• DATA EXTRACTS:
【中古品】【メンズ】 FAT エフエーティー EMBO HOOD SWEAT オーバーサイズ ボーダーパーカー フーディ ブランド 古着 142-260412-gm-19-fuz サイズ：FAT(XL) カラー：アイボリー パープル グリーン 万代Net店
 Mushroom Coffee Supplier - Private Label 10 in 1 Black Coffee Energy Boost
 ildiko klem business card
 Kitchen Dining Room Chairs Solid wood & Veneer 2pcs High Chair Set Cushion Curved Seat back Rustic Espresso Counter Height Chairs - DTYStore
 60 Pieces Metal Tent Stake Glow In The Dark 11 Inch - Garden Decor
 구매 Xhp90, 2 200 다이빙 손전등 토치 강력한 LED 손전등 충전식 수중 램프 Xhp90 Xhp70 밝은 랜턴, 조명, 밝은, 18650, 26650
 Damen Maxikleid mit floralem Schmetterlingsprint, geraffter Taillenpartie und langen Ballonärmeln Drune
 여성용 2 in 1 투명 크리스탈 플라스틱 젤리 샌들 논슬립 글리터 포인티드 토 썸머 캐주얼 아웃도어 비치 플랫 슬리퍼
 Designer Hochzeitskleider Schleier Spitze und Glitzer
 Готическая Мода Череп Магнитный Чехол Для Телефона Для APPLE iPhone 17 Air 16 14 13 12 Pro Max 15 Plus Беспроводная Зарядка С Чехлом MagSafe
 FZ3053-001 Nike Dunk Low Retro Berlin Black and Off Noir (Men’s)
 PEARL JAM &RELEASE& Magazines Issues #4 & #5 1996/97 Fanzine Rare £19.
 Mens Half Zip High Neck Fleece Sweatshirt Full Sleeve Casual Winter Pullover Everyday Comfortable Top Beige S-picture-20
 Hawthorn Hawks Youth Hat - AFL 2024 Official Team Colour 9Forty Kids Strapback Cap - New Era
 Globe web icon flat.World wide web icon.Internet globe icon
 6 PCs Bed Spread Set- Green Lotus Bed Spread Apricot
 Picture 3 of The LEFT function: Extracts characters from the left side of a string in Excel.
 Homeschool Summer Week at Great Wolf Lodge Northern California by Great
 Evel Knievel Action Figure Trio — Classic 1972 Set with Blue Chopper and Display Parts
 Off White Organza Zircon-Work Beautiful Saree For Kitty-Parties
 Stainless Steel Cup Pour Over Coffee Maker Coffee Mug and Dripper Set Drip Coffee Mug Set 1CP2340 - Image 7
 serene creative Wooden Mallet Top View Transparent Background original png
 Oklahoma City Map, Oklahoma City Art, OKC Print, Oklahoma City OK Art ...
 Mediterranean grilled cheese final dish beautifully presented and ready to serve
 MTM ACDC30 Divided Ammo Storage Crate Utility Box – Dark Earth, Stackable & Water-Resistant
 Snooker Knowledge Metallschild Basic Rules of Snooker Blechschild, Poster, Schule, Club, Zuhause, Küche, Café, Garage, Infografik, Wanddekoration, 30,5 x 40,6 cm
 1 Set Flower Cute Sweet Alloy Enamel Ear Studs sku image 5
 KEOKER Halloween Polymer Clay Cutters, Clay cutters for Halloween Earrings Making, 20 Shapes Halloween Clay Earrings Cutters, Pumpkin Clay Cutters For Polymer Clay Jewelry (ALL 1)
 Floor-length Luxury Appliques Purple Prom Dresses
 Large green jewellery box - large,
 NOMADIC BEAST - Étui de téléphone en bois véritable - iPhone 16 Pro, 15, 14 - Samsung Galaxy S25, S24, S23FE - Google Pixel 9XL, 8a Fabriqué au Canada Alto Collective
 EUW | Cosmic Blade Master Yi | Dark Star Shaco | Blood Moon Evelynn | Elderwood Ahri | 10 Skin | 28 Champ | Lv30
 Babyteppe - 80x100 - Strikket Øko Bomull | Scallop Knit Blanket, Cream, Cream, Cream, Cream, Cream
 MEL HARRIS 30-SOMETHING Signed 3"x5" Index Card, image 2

• TASK TO COMPLETE: Each line from the top of the listing down to and including the one containing "6 PCs Bed Spread" should be transcribed exactly; nothing else is to be output.

• OUTPUT OF THE TASK:
【中古品】【メンズ】 FAT エフエーティー EMBO HOOD SWEAT オーバーサイズ ボーダーパーカー フーディ ブランド 古着 142-260412-gm-19-fuz サイズ：FAT(XL) カラー：アイボリー パープル グリーン 万代Net店
 Mushroom Coffee Supplier - Private Label 10 in 1 Black Coffee Energy Boost
 ildiko klem business card
 Kitchen Dining Room Chairs Solid wood & Veneer 2pcs High Chair Set Cushion Curved Seat back Rustic Espresso Counter Height Chairs - DTYStore
 60 Pieces Metal Tent Stake Glow In The Dark 11 Inch - Garden Decor
 구매 Xhp90, 2 200 다이빙 손전등 토치 강력한 LED 손전등 충전식 수중 램프 Xhp90 Xhp70 밝은 랜턴, 조명, 밝은, 18650, 26650
 Damen Maxikleid mit floralem Schmetterlingsprint, geraffter Taillenpartie und langen Ballonärmeln Drune
 여성용 2 in 1 투명 크리스탈 플라스틱 젤리 샌들 논슬립 글리터 포인티드 토 썸머 캐주얼 아웃도어 비치 플랫 슬리퍼
 Designer Hochzeitskleider Schleier Spitze und Glitzer
 Готическая Мода Череп Магнитный Чехол Для Телефона Для APPLE iPhone 17 Air 16 14 13 12 Pro Max 15 Plus Беспроводная Зарядка С Чехлом MagSafe
 FZ3053-001 Nike Dunk Low Retro Berlin Black and Off Noir (Men’s)
 PEARL JAM &RELEASE& Magazines Issues #4 & #5 1996/97 Fanzine Rare £19.
 Mens Half Zip High Neck Fleece Sweatshirt Full Sleeve Casual Winter Pullover Everyday Comfortable Top Beige S-picture-20
 Hawthorn Hawks Youth Hat - AFL 2024 Official Team Colour 9Forty Kids Strapback Cap - New Era
 Globe web icon flat.World wide web icon.Internet globe icon
 6 PCs Bed Spread Set- Green Lotus Bed Spread Apricot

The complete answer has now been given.